Findings & Observations
The Court observed that the dispute now centres on the fairness, adequacy and reasonableness of the one‑time settlement, not merely on regularisation.
Recognised the workmen’s prolonged, continuous service and the moral‑legal obligation of the State under Article 21 (right to life) to provide just compensation.
Determined that the financial distress of the Corporation cannot defeat the workers’ equitable claims, especially given the State’s control over the public‑sector undertaking.
Concluded that a lump‑sum payment of Rs 7,50,000 per workman is “fair and reasonable” in the peculiar facts and circumstances.

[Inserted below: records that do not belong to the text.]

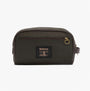 Barbour WAXED Mens Washbag Olive/Beacon front view with zip closure and logo detail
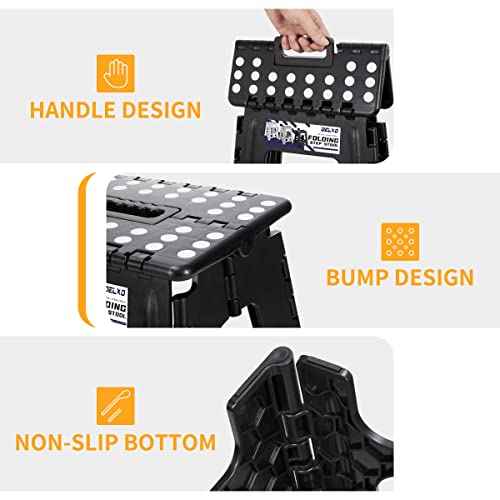 Delxo 16 Inch Folding Step Stool,Foldable Stool for Adults with Safety Lock,Portable Collapsible Plastic Stepstool,Non Slip Folding Stools for Kitchen Bathroom Bedroom Up to 400LBS,(Black 1PC)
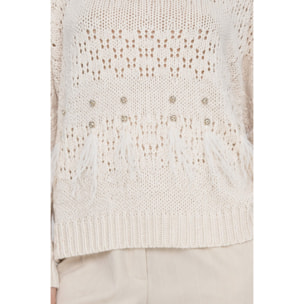 Kocca - Maglia da donna traforata con frange e dettagli in strass Donna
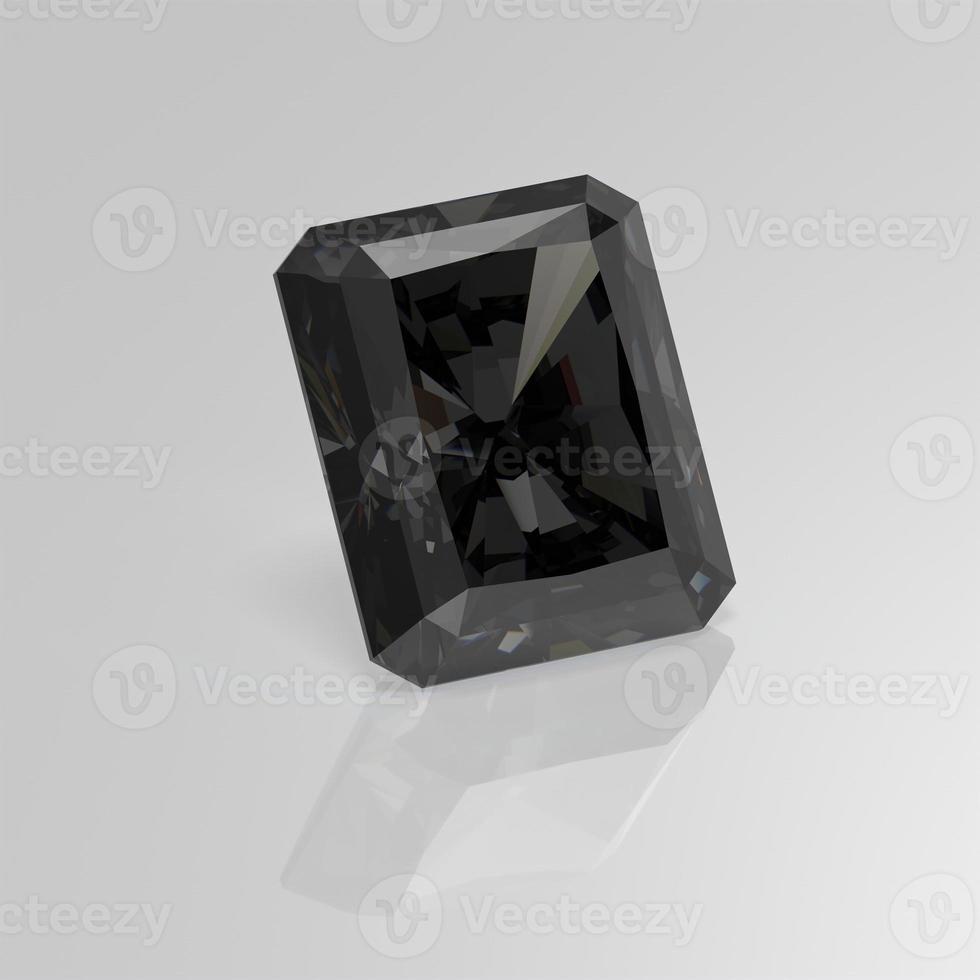black diamond gemstone radiant 3D render photo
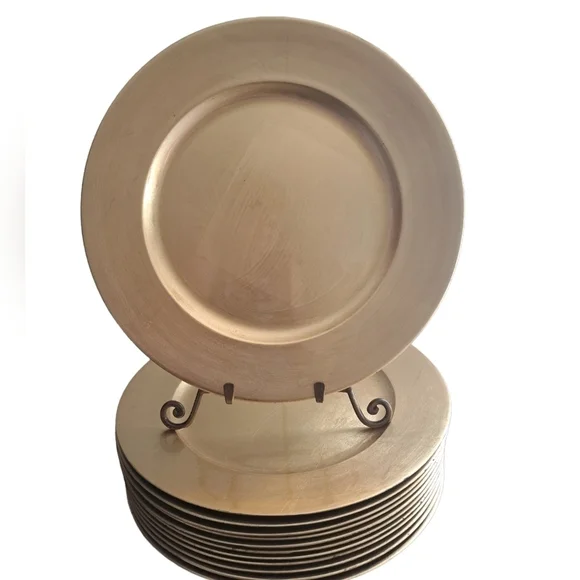 BOWRING tradition gold charger plates lacquered 13" round wedding holiday 12 - Picture 3 of 15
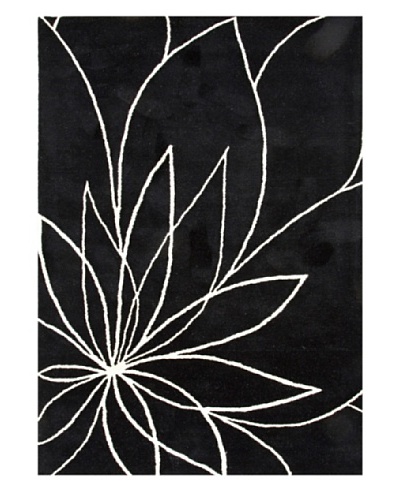 Jaipur Rugs Hand-Tufted Floral Wool Rug, Black/Ivory, 5' x 8'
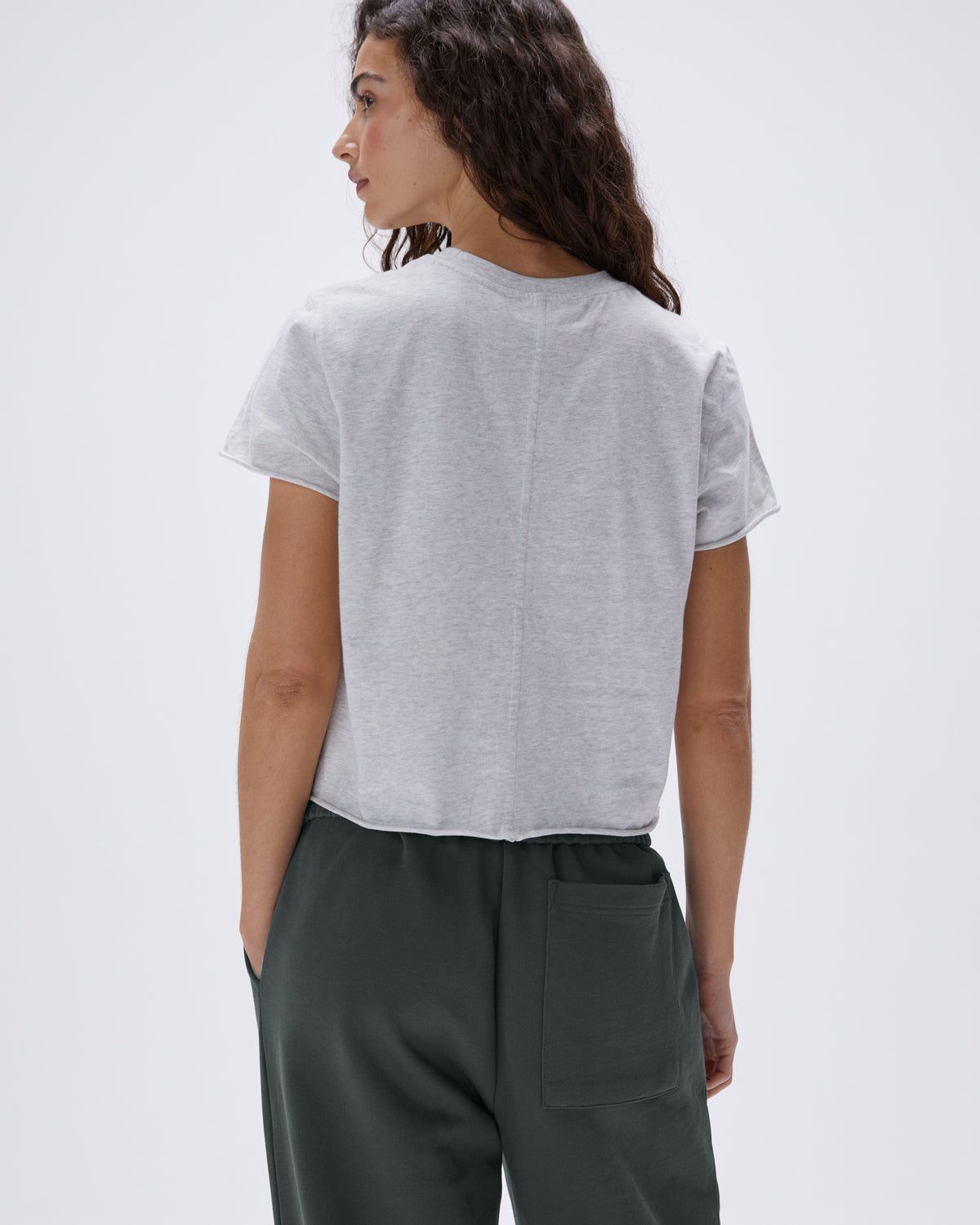 Adanola Raw Hem T-shirt Grau | 62TKVRYJL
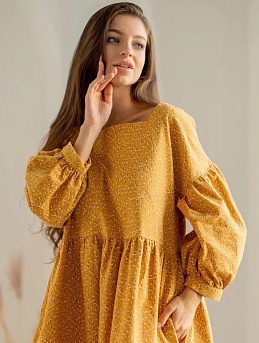 Яркое платье из теплого хлопка "Мелкие белые листочки"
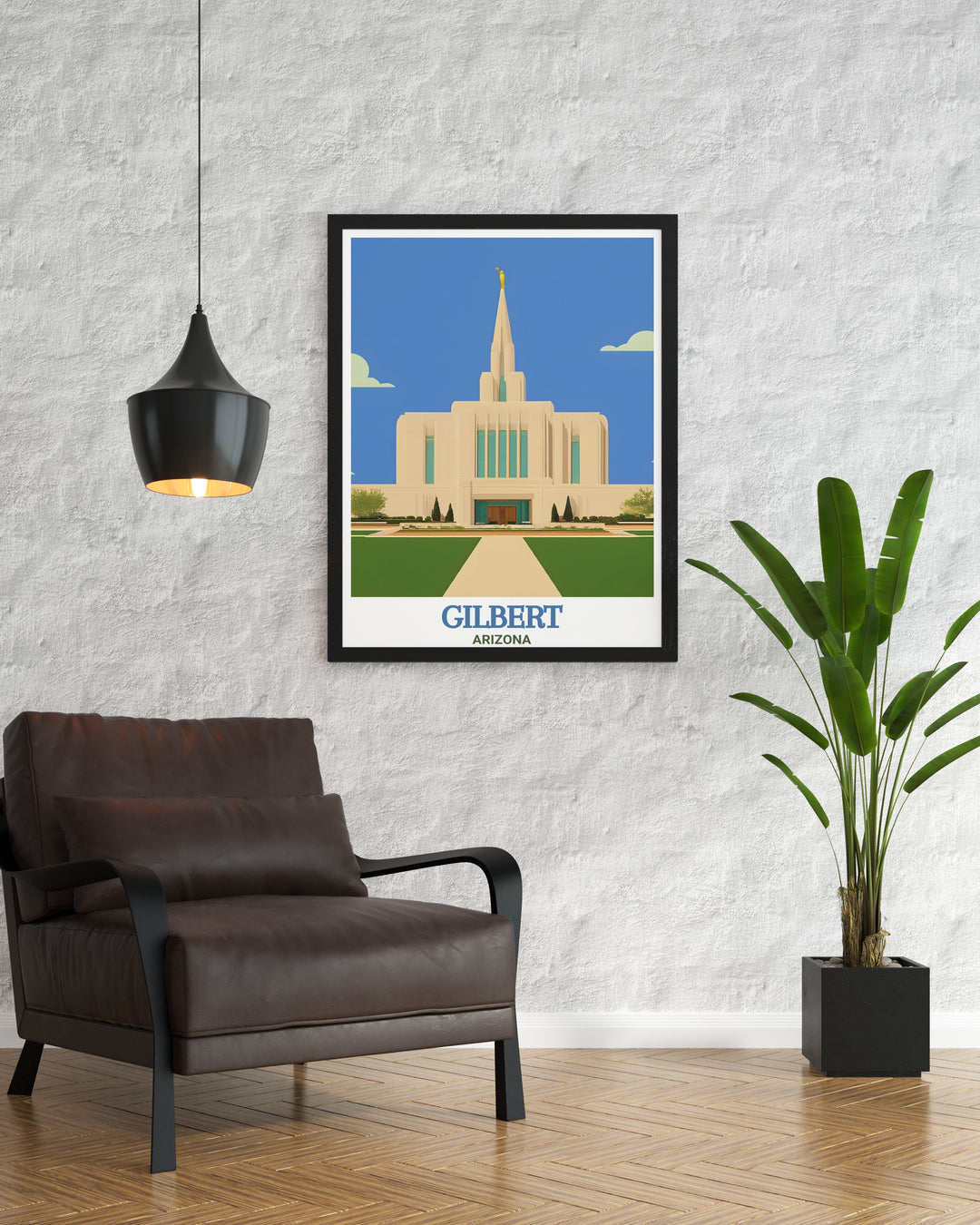 This travel poster showcases the Gilbert Temple in all its glory, offering a calming and inspiring view of one of Arizonas most famous sites. Ideal for Arizona enthusiasts and travelers alike, this print brings a touch of elegance and history to any room.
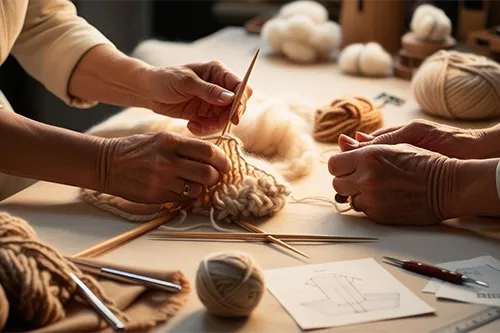 Erfahrene Hände weben mit traditionellen handwerklichen Techniken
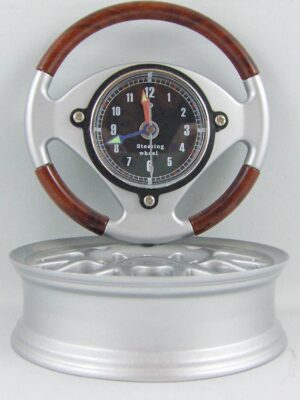 STEERING WHEEL CLOCK - 4 INCHES HIGH, BASE WHEEL 3 INCHES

Penalties / Settlements / Directions
The impugned High Court judgment and order are set aside; the appeal is allowed.
Direction: State of Bihar to pay a lump‑sum amount of Rs 7,50,000 to each of the 330‑338 members of the appellant‑Union.
Time‑frame: Payment to be completed within three months from the date of this order.
Compliance: State of Bihar must file a compliance affidavit by 31 August 2026 and submit a list on 1 September 2026 for perusal.
Corrective Actions & Future Obligations
Disbursement of the stipulated compensation to each eligible workman.
Filing of the compliance affidavit and submission of the beneficiary list as directed.
Final Ruling & Enforcement
The Supreme Court sets aside the High Court’s dismissal and allows the appeal of the Bihar State Rajya Path Parivahan Nigam Karamchari Sangathan.
The State of Bihar is legally bound to fulfil the lump‑sum payment and compliance requirements within the stipulated timelines.
All pending applications, if any, stand disposed of.